Les orateurs du Palais-Royal n’en mirent pas moins dans la conviction de beaucoup de gens que l’entrée de Breteuil au ministère présageait une « Saint-Barthélémy des patriotes ». L’agitation devint si vive, et les calomnies contre la Cour et le gouvernement étaient répétées avec tant de violence, que la Cour, pour éviter jusqu’aux apparences d’une « Saint-Barthélémy » quelconque, ordonna de retirer toutes les troupes et d’abandonner Paris à lui-même.
Cependant, Camille Desmoulins continuait de tonner :

Je venais de sonder le peuple. Ma colère contre les despotes était tournée en désespoir. Je ne voyais pas les groupes, quoique vivement émus et consternés, assez disposés au soulèvement…. Je fus plutôt porté sur la table que je n’y montai. À peine y étais-je, que je me vis entouré d’une foule immense. Voici ma courte harangue que je n’oublierai jamais : « Citoyens ! Il n’y a pas un moment à perdre. J’arrive de Versailles ; M. Necker est renvoyé : ce renvoi est le tocsin d’une Saint-Barthélemy de patriotes : ce soir tous les bataillons suisses et allemands sortiront du Champ de Mars pour nous égorger. Il ne nous teste qu’une ressource, c’est de courir aux armes !  »

Les brigands maîtres de la rue

Les Parisiens n’étaient rien moins que rassurés, mais ce ne sont pas les bataillons suisses et allemands qui leur faisaient peur. L’auteur de la Quinzaine mémorable, tout dévoué au mouvement révolutionnaire, reconnaît que, durant les journées du 12-14 juillet, tous les gens comme il faut s’enfermèrent chez eux. Et tandis que les troupes et les honnêtes gens se retiraient, la lie montait à la surface.
Durant la nuit du 12 au 13 juillet, la plupart des barrières, où se percevaient les octrois, furent forcées, pillées, incendiées. Des « brigands » armés de piques et de bâtons parcouraient les rues, menaçaient les maisons où les bourgeois s’enfermaient ahuris et tremblants.
Le lendemain, 13 juillet, les boutiques des boulangers et des marchands de vin furent mises au pillage.

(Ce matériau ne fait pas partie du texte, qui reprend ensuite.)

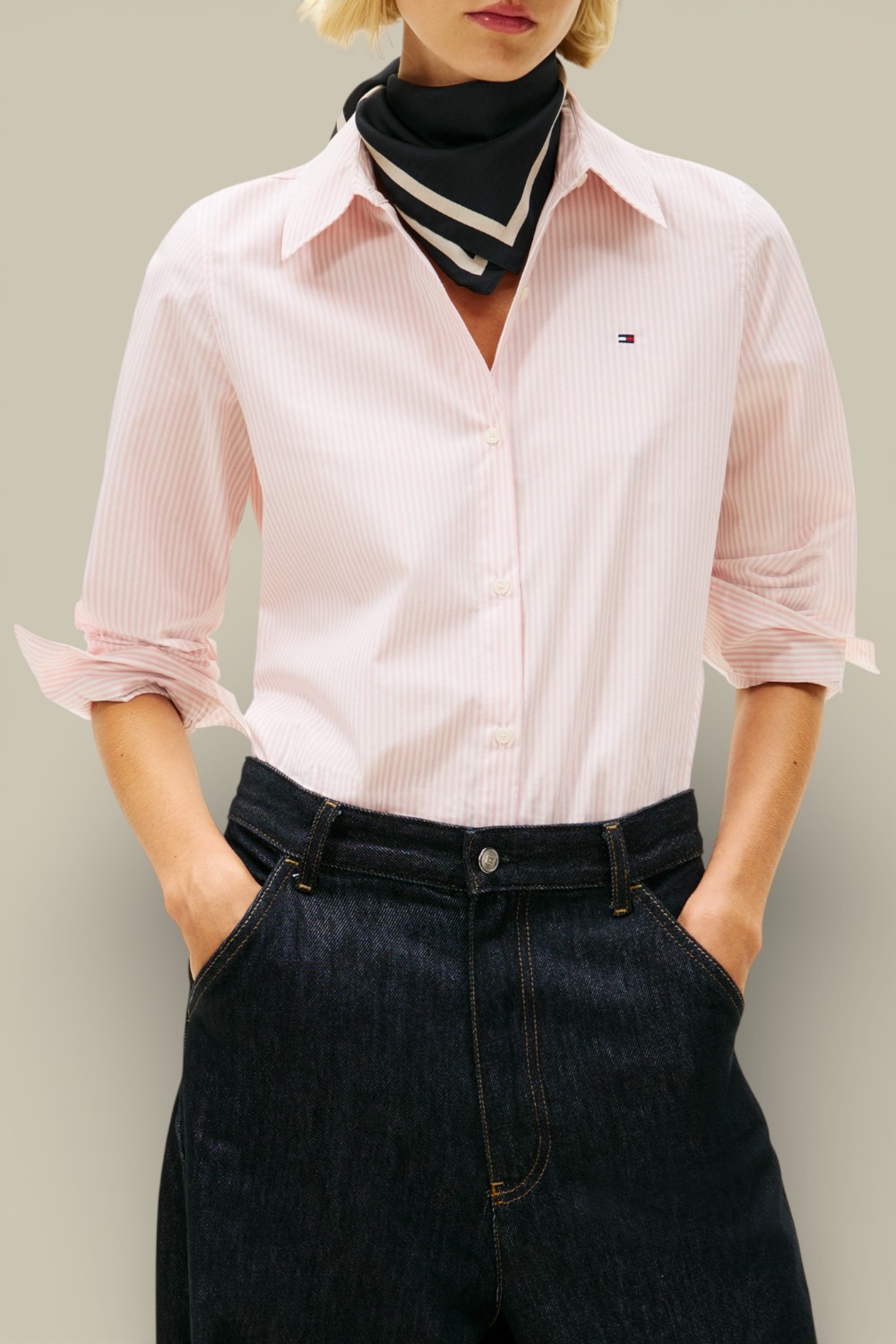 תמונת דוגמן קידמית של חולצת כפתורים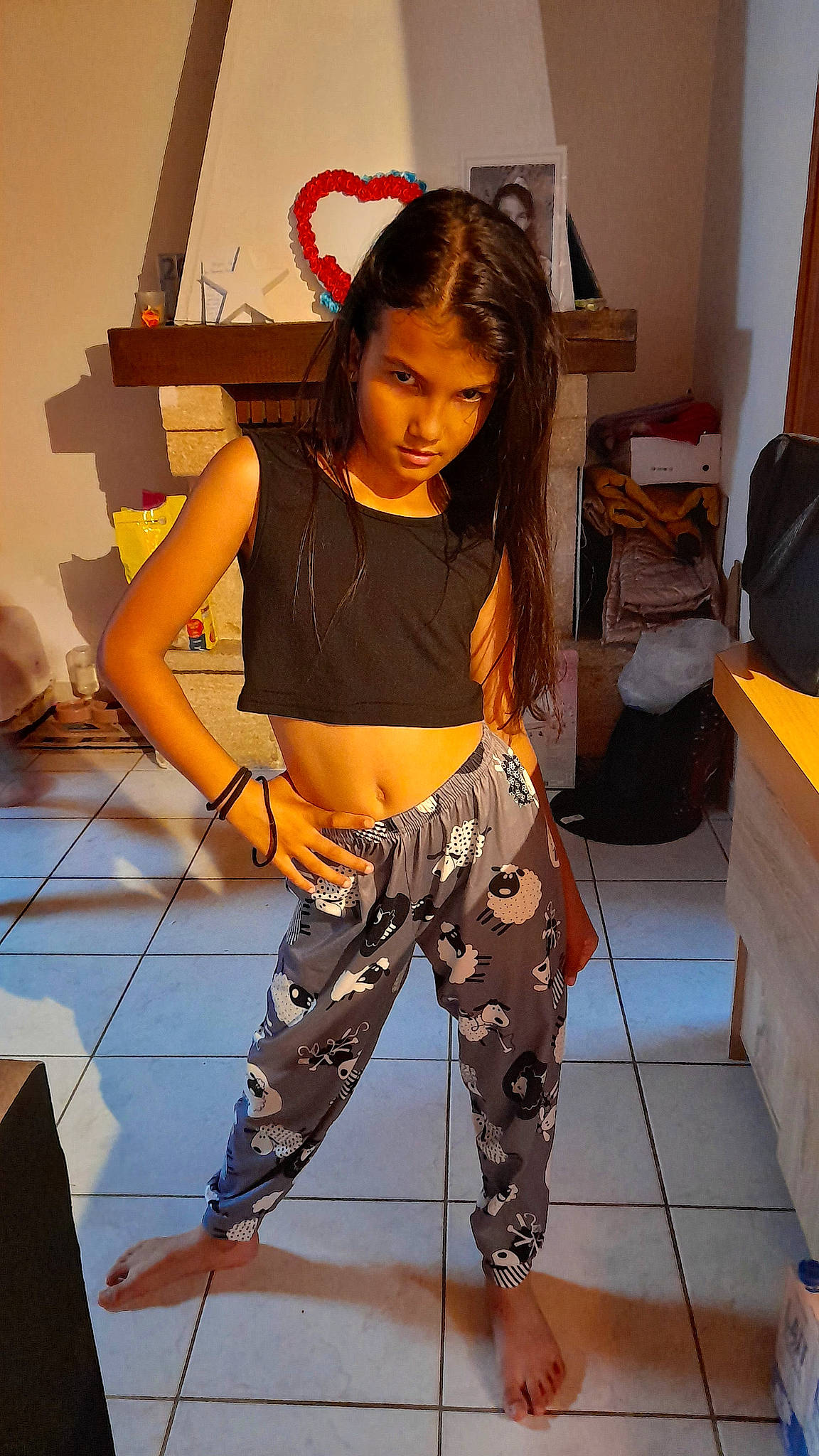 Lola participe au concours pour gagner de l'argent avec cette photo : abdomen, belt, black_hair, brown_hair, dance, denim, drum, fashion_design, fun, hairstyle, human_leg, joint, knee, long_hair, person, shoulder, sportswear, t_shirt, thigh, trunk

Des filles arrachent les boucles d’oreille des passantes ; si la boucle résiste, l’oreille est déchirée.

— L’hôtel du lieutenant de police est saccagé, et c’est à grand-peine que Thiroux de Crosne échappe aux bandes armées de torches et de bâtons.
— Une autre troupe, avec des cris de mort, arrive à la Force, où sont les prisonniers pour dettes ; les prisonniers sont délivrés. Le Garde-Meuble est saccagé.
— Une bande enfonce, à coups de hache, la porte des Lazaristes, brise la bibliothèque, les armoires, les tableaux, les fenêtres, le cabinet de physique, se précipite dans la cave, défonce les tonneaux et se soûle : vingt-quatre heures après, on y trouva une trentaine de morts et de mourants, hommes et femmes, dont une enceinte de neuf mois. Devant la maison, la rue est pleine de débris et de brigands, qui tiennent à la main, les uns des comestibles, les autres un broc, forcent les passants a boire et versent à tout venant. Le vin coule en talus.

Quelques-uns se sont emparés des habits sacerdotaux, les ont revêtus, et, sous cet accoutrement, dans la rue, crient et gesticulent.

Organisation de la milice « bourgeoise »

Douze cents braves s’organisent en milice

Nous lisons, en date de ce jour, dans les procès-verbaux des Électeurs :

Sur l’avis donné au comité que les brigands dispersés avaient manifesté quelque intention de se rassembler pour attaquer et piller le Trésor royal et la Caisse d’escompte, le comité a donné l’ordre que ces deux établissements fussent gardés.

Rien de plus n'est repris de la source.